_PROBLEM DETAILS:_ Using the listing below, copy exactly the lines from the one containing "[Clearance] Mink Fur" to the one containing "Герб семьи Браковенко", both lines included, and no others.

_INFORMATION:_
________________________
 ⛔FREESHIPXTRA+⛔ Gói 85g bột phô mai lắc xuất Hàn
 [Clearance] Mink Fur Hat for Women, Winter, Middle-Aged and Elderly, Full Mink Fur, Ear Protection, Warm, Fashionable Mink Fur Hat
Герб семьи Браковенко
________________________
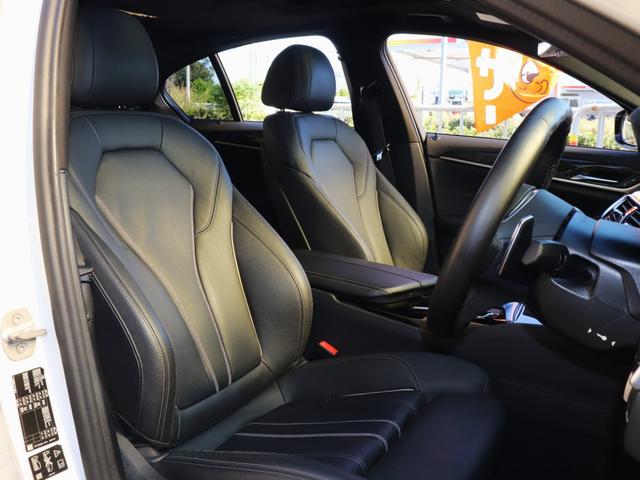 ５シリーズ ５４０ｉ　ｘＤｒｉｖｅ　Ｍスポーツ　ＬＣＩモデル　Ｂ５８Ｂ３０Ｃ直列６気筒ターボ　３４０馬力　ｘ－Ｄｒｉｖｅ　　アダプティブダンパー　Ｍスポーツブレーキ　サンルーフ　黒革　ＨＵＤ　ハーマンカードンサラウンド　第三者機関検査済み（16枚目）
________________________
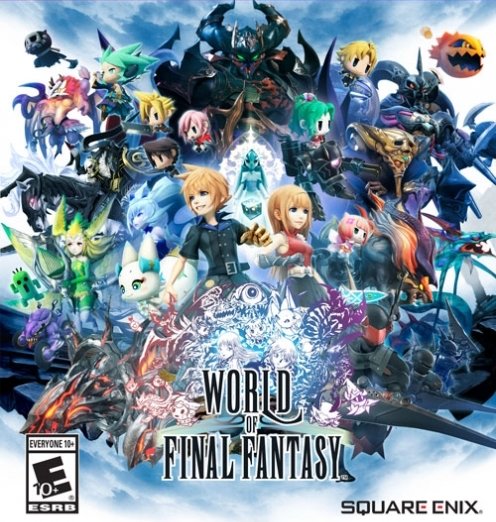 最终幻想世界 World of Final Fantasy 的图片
________________________
_RESULT FOR THIS EXERCISE:_
 [Clearance] Mink Fur Hat for Women, Winter, Middle-Aged and Elderly, Full Mink Fur, Ear Protection, Warm, Fashionable Mink Fur Hat
Герб семьи Браковенко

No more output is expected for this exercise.